* Assigned task: Please copy exactly the lines that run from the start of the entries to the line containing "INFOGRAFIEK - Het etiket lezen en begrijpen", inclusive.

[Items from a data source]
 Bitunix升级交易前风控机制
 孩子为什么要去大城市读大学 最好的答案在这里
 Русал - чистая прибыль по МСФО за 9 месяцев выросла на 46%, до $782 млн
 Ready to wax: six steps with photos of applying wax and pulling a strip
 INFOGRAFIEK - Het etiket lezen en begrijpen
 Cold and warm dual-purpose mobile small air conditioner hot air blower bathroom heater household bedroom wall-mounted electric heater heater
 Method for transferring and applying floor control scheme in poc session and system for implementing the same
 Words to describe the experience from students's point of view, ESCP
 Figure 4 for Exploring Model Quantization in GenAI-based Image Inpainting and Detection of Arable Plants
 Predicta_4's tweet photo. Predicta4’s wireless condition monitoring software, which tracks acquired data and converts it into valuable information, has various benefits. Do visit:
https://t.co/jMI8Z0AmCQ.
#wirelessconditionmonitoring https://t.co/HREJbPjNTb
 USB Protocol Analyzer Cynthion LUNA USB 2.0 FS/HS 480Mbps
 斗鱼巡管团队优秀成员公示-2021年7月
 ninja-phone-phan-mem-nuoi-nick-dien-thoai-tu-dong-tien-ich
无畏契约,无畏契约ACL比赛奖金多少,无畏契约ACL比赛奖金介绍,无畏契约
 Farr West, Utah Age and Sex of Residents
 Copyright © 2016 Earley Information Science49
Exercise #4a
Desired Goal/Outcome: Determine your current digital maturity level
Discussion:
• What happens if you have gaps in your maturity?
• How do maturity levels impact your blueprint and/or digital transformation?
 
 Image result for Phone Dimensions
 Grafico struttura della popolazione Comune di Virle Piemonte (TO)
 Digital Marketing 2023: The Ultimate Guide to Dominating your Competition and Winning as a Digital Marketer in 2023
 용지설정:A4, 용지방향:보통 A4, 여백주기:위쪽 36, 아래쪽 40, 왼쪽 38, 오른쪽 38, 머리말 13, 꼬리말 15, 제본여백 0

* Answer box:
 Bitunix升级交易前风控机制
 孩子为什么要去大城市读大学 最好的答案在这里
 Русал - чистая прибыль по МСФО за 9 месяцев выросла на 46%, до $782 млн
 Ready to wax: six steps with photos of applying wax and pulling a strip
 INFOGRAFIEK - Het etiket lezen en begrijpen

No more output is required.